Dünya tarihinin ve Rus Edebiyatının en büyük, en iyi yazarlarından biri olan Lev Tolstoy varlıklı bir ailenin çocuğu olarak 1828 yılında doğmuştur. Oldukça küçük bir yaşta (sanırım 2) annesini ve 8-9 yaşlarındayken de babasını kaybetmiştir. Anne ve babasını kaybettikten sonra yakınları tarafından yetiştirilmiştir. Gerçekçi edebiyatın en büyük temsilcilerinden biri olan yazar otobiyografisini ele aldığı üçlemin ilk kitabı olan Çocukluk romanında biraz bu durumdan -nesnellik anlamında- uzaklaşmıştır.
Kitapta da varlıklı bir ailede dünyaya gelen; 10 yaşındaki Nikolenka üzerinden okura aktarmaktadır. Roman salt bir kurgudan oluşmuyor. Anılarının içine aslında olmasını istediği, hayal ettiği kurgu durumlarını eklediğini düşünüyorum. Bilhassa da annesi üzerinden.Annesini erken yaşta kaybetmesinin ve onunla ilgili hiçbir anısının olmamasının burukluğunu biraz da olsa Nikolenka üzerinden gidermeye çalışıyor. Kitapta Nikolenka annesine oldukça düşkün ve ona karşı büyük bir hayranlık, sevgi ve saygı duyan bir çocuk. Belki de karakter üzerinden annesiyle daha uzun zaman birlikte kalsaydı nasıl bir ilişkileri olacağını aktarmaya çalıştı.
Çocukluk kitabında yazar; özel öğretmeniyle ilgili düşünceleri, annesine olan sevgisini, kardeşleri ve arkadaşlarıyla olan ilişkisi ve aslında neden kendini çirkin bulduğunu arka planını okura sunuyor. Birebir kendi hayatını kitapta aktarmasa da; aslında kişiliğinin, duygu ve düşüncelerinin nasıl geliştiğini, şekillendiğini daha çok aktarmaya çalışmıştır.

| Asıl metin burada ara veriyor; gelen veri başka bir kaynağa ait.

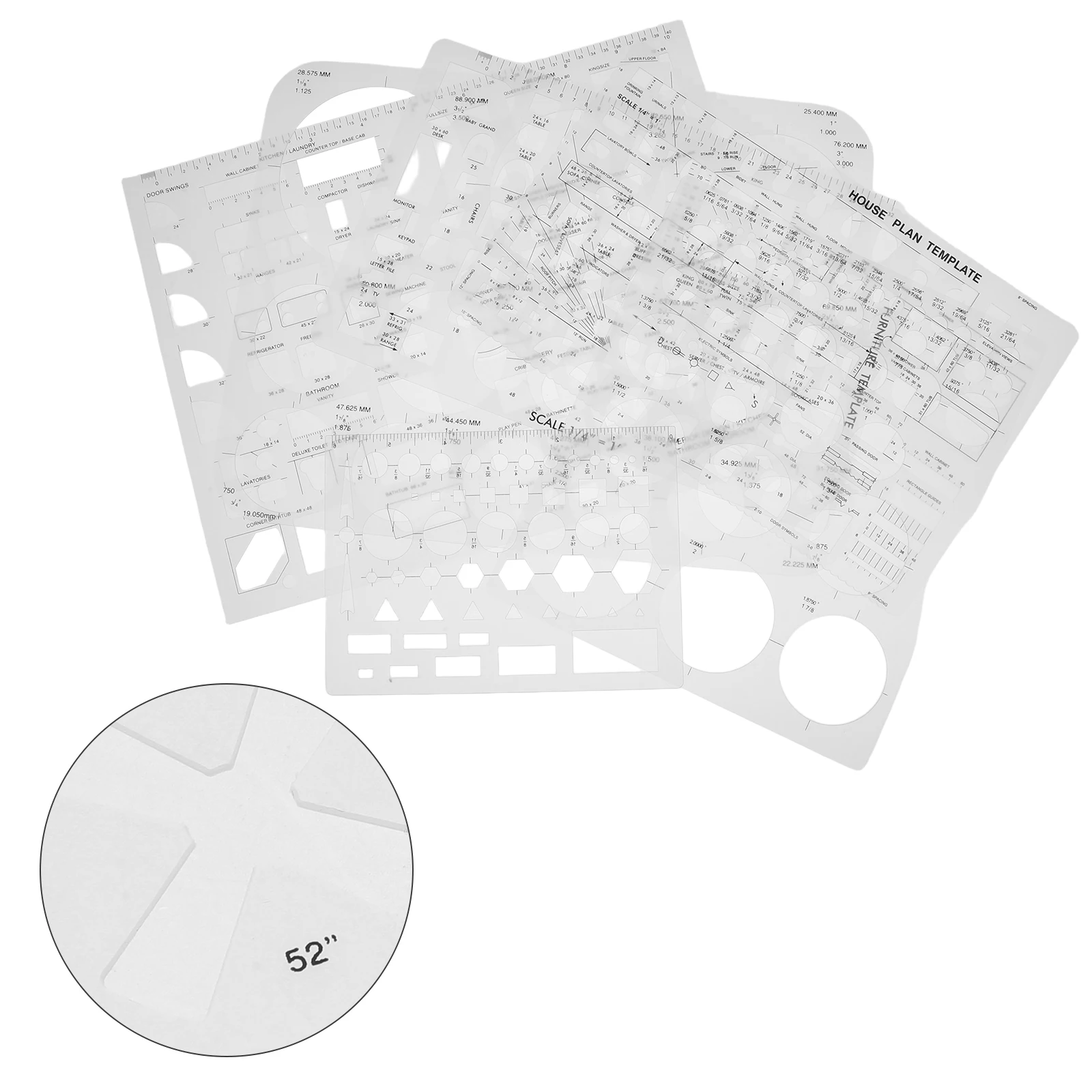 

6 pcs Geometric Drawing Templates Plastic Hollow Stencils For Engineering Drafting Architecture School Office Supplies Kids Math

Çocukluk otobiyografik üçlemesinin ilk kitabıdır. Diğer kitapları İlk Gençlik ve Gençlik . Yazarı daha iyi tanımak, özümsemek isteyenler için oldukça güzel bir başlangı olduğunu düşünüyorum. Şahsi fikrim her yazarın her kitabını ve biyografisini okumak mümkün değil ancak dünya ve Rus edebiyatında çok önemli izler bırakmış; yazdıklarıyla hala günümüzde kaplerimizde bir yere dokunan bir yazar olduğundan otobiyografik üçlemesinin ve aynı zamanda eserlerinin kronolojik sırayla okunmasının daha efektif, onu özümsemek anlamında çok daha iyi olacağı kanısındayım.
Keyif alarak, merakla okuduğum bir eserdi. Diğer kitaplarını da okuyarak başyapıtlarını okuduğumda tam anlamıyla ne demek istediğini, ne anlatmak istediğini elimden geldiğince anlamak istiyorum.